Truly Automatic Refactoring of Python - a possible recipe?

This could be a useful thing to automate:

  1. Finding duplicate code with PMD, or even BETTER - rewrite code to use unified names of variables (think Prolog-like unification) in order to find more duplicates, e.g. def foo(name=”“) and def bar(zoo=”“) would actually be dups if they were unified to e.g. def function0(var0=”“) (assuming the function bodies are equal - when unified - though).
  2. Reduce duplicate code by using truly automated refactoring, this could be done by using the Rope refactoring library and empirically trying to do extract method on dups (i.e. if it succeeds the other corresponding dup(s) could be replaced by function calls). This algorithm that tries to extract methods from variable line spans of code can measure the efficiency of the refactoring in number of lines saved (this is probably a dynamic programming problem since there can be overlaps between potential function extractions).
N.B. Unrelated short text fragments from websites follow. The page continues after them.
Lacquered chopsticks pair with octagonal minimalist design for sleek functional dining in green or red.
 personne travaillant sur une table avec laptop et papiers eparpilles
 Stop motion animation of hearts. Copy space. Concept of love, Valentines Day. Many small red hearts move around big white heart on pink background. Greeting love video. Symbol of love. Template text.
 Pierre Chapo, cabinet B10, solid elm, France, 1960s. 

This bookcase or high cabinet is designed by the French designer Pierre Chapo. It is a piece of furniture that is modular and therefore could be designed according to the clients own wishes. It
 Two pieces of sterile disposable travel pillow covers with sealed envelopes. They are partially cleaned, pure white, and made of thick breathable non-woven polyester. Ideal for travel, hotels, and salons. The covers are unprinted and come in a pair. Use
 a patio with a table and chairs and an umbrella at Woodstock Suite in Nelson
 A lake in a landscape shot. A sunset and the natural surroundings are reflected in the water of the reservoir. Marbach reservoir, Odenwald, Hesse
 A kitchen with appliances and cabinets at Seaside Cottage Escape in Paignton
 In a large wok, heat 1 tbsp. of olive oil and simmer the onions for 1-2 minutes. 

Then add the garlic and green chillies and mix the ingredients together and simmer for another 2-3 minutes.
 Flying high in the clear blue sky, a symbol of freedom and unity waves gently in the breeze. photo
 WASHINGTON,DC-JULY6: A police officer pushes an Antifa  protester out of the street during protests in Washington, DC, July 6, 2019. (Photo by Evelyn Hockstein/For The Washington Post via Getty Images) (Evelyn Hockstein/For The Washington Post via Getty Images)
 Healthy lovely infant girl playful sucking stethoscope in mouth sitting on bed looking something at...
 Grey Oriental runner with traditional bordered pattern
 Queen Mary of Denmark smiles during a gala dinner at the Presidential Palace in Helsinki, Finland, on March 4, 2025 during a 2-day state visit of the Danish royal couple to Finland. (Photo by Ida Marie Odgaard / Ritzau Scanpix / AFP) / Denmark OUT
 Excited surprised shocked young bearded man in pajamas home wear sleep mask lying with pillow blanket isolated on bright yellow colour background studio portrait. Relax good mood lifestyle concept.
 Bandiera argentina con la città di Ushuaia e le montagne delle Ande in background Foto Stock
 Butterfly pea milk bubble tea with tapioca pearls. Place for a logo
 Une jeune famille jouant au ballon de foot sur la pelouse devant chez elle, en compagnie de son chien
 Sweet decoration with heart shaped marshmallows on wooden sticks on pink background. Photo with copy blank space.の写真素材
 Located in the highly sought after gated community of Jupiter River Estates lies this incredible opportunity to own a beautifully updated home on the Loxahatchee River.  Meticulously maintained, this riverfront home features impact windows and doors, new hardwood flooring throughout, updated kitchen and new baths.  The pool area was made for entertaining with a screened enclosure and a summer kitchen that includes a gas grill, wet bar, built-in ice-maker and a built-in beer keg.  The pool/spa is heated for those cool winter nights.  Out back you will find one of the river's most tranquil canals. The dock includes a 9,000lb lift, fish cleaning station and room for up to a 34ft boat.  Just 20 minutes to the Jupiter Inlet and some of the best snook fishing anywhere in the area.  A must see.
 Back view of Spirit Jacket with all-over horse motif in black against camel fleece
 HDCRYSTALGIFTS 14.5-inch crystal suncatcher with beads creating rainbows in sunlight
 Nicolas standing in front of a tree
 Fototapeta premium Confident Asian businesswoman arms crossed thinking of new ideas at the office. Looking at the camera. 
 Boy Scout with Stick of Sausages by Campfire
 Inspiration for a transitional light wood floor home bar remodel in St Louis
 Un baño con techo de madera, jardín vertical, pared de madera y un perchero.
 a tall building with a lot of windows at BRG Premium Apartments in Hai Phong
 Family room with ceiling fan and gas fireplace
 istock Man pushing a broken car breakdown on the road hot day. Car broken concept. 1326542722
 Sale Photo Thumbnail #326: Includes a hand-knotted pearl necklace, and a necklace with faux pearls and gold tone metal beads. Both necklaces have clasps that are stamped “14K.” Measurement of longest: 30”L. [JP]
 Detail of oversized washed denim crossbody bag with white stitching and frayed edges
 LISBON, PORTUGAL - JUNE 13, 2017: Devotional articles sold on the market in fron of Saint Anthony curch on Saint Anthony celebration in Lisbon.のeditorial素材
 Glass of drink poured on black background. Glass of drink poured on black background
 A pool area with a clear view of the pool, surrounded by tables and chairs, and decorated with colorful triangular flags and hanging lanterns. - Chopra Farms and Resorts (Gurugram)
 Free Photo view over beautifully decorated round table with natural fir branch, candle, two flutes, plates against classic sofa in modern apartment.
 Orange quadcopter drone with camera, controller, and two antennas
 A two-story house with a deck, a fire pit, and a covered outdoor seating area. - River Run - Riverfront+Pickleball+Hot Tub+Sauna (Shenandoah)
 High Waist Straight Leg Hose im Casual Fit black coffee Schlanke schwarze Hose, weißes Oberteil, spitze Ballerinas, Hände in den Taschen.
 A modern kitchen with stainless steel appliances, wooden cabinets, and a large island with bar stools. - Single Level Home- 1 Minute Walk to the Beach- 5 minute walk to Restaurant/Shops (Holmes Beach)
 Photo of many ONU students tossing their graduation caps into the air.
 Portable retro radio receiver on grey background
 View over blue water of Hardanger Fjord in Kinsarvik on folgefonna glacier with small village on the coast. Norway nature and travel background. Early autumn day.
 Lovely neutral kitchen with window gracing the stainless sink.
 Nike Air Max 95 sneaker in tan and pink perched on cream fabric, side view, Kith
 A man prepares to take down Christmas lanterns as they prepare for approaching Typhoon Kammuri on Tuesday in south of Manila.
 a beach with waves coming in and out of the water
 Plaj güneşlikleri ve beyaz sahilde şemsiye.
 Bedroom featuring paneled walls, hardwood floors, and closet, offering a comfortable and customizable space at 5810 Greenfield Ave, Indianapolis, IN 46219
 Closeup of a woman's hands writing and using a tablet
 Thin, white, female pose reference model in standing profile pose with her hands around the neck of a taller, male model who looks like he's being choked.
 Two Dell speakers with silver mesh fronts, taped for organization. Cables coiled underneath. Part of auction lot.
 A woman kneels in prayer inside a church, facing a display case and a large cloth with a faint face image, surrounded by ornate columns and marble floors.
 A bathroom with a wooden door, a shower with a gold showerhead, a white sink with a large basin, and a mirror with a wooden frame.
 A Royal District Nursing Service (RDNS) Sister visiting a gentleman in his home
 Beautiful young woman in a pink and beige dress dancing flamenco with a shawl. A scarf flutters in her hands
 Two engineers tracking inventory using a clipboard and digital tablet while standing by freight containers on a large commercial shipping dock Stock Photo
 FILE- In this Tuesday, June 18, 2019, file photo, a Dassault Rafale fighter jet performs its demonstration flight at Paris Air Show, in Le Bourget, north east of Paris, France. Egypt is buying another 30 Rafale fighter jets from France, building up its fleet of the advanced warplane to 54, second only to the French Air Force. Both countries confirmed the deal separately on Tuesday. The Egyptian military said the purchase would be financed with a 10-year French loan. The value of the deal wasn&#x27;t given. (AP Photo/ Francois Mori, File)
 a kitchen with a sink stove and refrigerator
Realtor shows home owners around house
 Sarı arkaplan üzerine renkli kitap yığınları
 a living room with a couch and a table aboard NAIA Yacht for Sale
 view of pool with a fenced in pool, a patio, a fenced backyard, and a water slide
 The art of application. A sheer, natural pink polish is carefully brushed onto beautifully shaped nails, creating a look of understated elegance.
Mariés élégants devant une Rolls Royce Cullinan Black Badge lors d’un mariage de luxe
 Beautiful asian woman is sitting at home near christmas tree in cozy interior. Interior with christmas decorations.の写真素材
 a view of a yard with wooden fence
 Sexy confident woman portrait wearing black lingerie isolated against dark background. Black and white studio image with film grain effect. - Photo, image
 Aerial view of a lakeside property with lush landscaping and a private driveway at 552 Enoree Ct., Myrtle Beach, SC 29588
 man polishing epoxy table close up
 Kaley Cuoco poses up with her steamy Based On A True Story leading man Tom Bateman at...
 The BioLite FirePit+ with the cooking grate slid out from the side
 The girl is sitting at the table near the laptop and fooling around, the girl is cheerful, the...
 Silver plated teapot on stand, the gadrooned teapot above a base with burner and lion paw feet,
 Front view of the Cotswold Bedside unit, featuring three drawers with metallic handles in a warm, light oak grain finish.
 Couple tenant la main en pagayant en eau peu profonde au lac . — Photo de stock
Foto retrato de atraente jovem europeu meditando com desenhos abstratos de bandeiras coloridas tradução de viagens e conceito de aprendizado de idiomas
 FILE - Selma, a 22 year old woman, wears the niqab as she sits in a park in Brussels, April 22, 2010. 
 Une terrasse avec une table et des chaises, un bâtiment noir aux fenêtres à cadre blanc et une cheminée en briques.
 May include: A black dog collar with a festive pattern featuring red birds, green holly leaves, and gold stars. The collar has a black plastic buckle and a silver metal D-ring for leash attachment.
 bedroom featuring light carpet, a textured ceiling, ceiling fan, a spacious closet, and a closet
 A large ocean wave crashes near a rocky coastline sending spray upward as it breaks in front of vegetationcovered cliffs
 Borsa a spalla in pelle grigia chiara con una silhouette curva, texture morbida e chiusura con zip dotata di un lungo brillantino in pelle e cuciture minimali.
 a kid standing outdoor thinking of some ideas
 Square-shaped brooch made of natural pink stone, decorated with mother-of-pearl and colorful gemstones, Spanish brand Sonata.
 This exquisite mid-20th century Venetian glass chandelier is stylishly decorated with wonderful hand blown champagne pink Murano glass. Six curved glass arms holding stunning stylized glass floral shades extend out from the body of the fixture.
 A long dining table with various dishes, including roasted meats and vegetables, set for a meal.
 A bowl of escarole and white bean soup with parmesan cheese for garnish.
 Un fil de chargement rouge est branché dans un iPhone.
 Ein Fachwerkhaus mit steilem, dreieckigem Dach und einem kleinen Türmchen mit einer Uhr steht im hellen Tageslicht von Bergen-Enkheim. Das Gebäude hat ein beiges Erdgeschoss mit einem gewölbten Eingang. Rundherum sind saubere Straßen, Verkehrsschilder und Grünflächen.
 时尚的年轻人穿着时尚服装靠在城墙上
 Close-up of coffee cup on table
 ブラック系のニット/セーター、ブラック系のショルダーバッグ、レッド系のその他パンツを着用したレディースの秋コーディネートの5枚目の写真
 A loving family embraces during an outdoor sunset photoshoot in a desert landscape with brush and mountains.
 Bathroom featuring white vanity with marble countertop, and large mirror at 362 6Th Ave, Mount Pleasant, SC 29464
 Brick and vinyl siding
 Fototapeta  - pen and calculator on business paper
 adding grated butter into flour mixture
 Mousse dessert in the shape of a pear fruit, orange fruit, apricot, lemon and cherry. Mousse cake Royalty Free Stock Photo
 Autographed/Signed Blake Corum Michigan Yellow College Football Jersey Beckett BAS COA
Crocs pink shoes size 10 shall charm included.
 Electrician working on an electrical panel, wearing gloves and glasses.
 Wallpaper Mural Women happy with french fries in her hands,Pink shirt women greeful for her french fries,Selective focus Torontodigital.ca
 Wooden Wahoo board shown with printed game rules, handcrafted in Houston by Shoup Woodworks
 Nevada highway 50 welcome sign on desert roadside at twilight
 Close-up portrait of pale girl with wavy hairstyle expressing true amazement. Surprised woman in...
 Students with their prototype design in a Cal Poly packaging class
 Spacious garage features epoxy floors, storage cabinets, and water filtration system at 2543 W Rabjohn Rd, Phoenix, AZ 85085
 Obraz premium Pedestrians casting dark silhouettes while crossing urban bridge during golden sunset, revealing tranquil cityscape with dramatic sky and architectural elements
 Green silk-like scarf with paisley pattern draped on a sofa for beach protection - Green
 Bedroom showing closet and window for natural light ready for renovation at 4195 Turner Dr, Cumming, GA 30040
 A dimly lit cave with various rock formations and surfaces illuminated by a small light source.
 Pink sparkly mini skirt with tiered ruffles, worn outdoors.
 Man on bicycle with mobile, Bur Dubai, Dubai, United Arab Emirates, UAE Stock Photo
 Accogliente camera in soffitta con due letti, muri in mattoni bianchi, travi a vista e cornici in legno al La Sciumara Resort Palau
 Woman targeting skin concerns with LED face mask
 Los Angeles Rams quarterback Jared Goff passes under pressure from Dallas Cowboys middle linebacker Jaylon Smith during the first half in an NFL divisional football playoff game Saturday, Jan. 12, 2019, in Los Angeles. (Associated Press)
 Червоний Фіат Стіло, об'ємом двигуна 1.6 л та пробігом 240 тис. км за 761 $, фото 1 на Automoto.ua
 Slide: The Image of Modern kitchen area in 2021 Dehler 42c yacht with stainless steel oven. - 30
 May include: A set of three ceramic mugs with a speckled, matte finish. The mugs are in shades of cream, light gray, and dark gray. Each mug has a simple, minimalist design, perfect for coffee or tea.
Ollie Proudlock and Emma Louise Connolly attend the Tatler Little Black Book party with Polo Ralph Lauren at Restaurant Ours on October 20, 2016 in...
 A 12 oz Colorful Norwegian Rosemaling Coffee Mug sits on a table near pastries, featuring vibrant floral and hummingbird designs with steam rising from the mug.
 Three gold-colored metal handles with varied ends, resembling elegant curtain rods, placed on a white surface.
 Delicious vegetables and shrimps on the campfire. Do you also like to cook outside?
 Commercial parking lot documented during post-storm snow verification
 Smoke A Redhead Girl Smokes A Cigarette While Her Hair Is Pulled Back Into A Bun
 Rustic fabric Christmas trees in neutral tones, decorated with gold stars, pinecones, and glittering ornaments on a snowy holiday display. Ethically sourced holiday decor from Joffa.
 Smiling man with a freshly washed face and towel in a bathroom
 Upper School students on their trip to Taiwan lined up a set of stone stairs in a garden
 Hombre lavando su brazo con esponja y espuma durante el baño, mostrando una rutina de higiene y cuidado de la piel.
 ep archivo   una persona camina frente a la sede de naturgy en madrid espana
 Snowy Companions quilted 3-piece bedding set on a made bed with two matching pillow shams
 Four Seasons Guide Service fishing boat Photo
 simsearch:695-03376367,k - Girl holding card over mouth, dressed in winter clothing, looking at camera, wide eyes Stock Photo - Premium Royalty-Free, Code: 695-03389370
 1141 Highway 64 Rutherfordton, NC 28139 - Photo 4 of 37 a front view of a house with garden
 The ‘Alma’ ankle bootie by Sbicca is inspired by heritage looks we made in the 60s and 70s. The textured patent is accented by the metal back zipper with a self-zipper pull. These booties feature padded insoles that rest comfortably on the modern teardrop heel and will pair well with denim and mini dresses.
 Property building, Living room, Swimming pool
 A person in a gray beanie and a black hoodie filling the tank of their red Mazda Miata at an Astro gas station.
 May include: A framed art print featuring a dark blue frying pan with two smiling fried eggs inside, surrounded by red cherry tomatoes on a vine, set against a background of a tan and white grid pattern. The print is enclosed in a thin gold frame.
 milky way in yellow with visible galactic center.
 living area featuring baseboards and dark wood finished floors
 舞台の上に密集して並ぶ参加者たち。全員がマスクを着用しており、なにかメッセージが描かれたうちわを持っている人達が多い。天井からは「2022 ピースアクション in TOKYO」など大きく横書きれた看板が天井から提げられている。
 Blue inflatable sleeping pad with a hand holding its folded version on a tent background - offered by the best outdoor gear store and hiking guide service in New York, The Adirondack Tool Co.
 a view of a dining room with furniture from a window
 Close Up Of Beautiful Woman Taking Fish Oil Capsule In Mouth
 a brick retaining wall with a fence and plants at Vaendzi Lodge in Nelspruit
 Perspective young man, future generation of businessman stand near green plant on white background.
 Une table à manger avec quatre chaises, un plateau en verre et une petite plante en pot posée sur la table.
But naming of the new functions and variables are way harder to do, any suggestions? 
  3. Result: a lot of dups removed?

Related - Example of method extraction with Rope:


import unittest

import rope.base.codeanalyze
import rope.base.exceptions
import ropetest.testutils as testutils
from rope.refactor import extract
from ropetest import testutils

class ExtractMethodTest(unittest.TestCase):

    def setUp(self):
        super(ExtractMethodTest, self).setUp()
        self.project = testutils.sample_project()
        self.pycore = self.project.pycore

    def tearDown(self):
        super(ExtractMethodTest, self).tearDown()

    def test_simple_extract_function(self):
        code = "def a_func():\n    print('one')\n    print('two')\n"
        start, end = self._convert_line_range_to_offset(code, 2, 2)
        refactored = self.do_extract_method(code, start, end, 'extracted')
        expected = "def a_func():\n    extracted()\n    print('two')\n\n" \
                   "def extracted():\n    print('one')\n"
        self.assertEquals(expected, refactored)

What do you think of this (potential) approach?

Best regards,

Amund Tveit